Expat Revelations – Self Esteem

The very lovely Holly at English Girl Canadian Man has come up with a range of themes for us to write about to help newbie expats, like us, get our heads around some of the issues we need to face on a daily basis. Our first topic is Self Esteem.

My self-esteem has been boosted and taken hits in equal measure since we began our expat journey but on balance my self-esteem issues seem to have worsened since we have been here in Canada.

The Hits.

Constantly being told you are saying things wrong or weird. Feeling different from everyone else, looking different and generally feeling unfamiliar and therefore uncomfortable all contribute to a constant assault on my already fragile self-esteem.

Probably the worst feeling though is when I feel completely alone in a room full of people.   No one really gets me here, they don’t understand what our lives were like back in England and they don’t understand them now. I can’t join in conversations when they talk about their past, childhood experiences that I don’t share or even their work week, they assume I don’t have an opinion because I’m not working right now. As a result of feeling like I have nothing valuable to contribute to a conversation, when I’m in a group of people I barely speak at all anymore. I have become much more withdrawn since becoming an expat.

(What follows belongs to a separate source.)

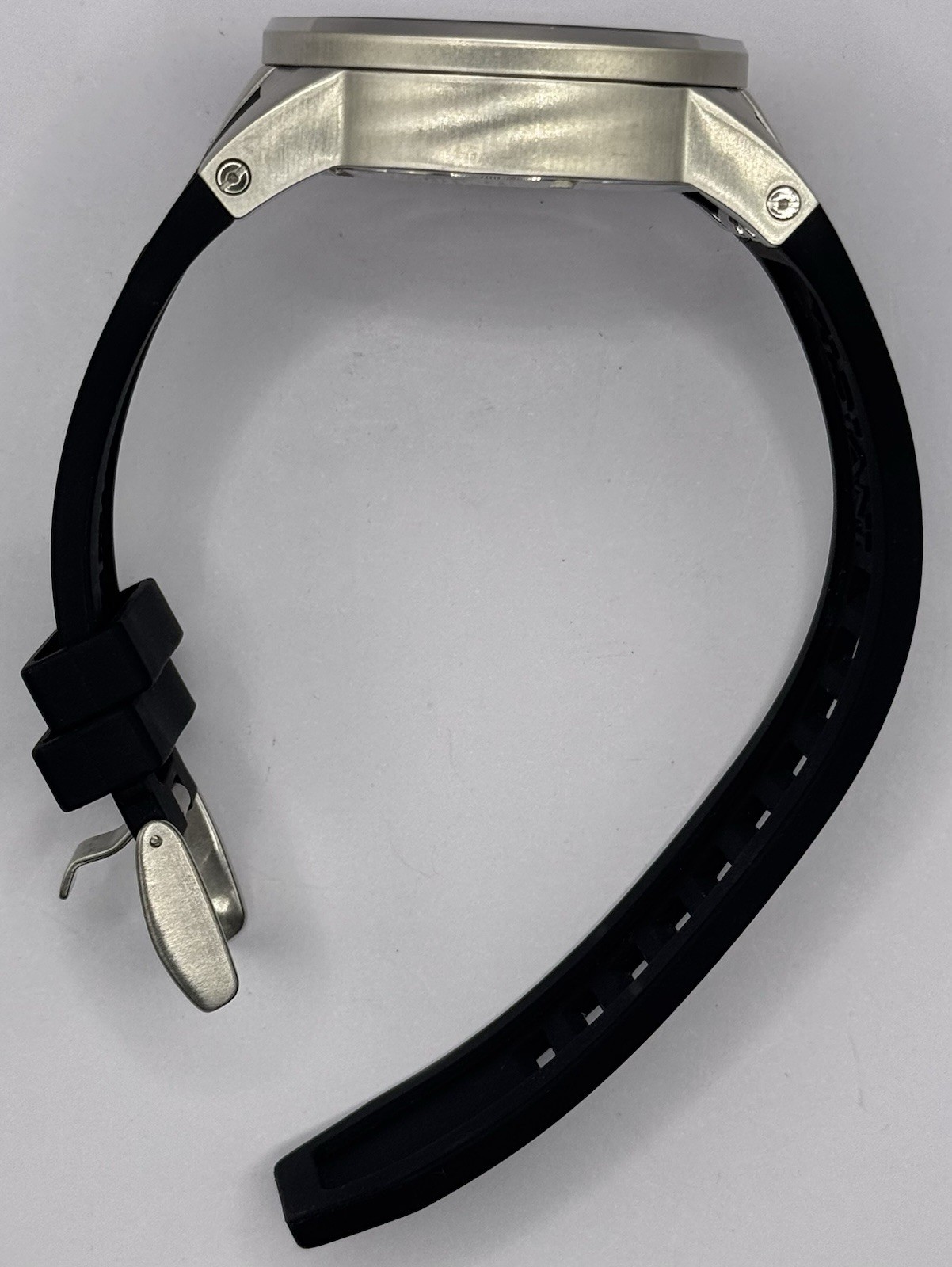 Invicta DNA Urban Quartz 46mm #10408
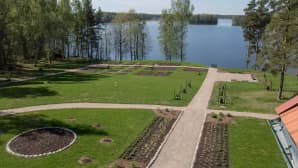Kotkaniemen puutarha keväällä yläkerran ikkunasta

There is no normal anymore, no familiar safe place to retreat to and restore my depleted resources. I screw up all the time while I relearn everything I thought I knew. I often go to bed feeling annoyed, disappointed and frustrated. I’m an intelligent girl after all but I can be completely defeated by a simple trip to the shops.

The Boosts

There have been many times when I have confronted a fear head on and alone and survived it. I’ve put myself in situations so far out of my comfort zone I can’t see the boundary and lived to tell the tale.

The thing is when there is no one there to see my achievements or share these experiences with, somehow they don’t feel so important. Which leads me to wonder whether my self-esteem is entirely based of the opinion of others. Do I need someone to tell me that I’ve done a good job or recognize an accomplishment in order to feel it myself?   The truth is, I probably do.

The added bonus.

One major bonus about being, in effect, invisible to the outside world where no one knows me at all is that there is no one there to see me fail. I only have my own conscience to deal with when I screw up, unless I choose to share it on the World Wide Web of course! If I fall off my heels and go arse over head in a DIY store and get so bruised I look like I’ve done 10 rounds with Mike Tyson (yes…I did) who cares, no one will ever know or no one that matters anyway.

The solution

I’m still working on a solution although I have noticed that the more I put myself outside of my comfort zone the more my confidence grows, albeit slowly.

I have discovered staying at home by myself just makes me feel a whole lot worse so I need to make the effort to get out.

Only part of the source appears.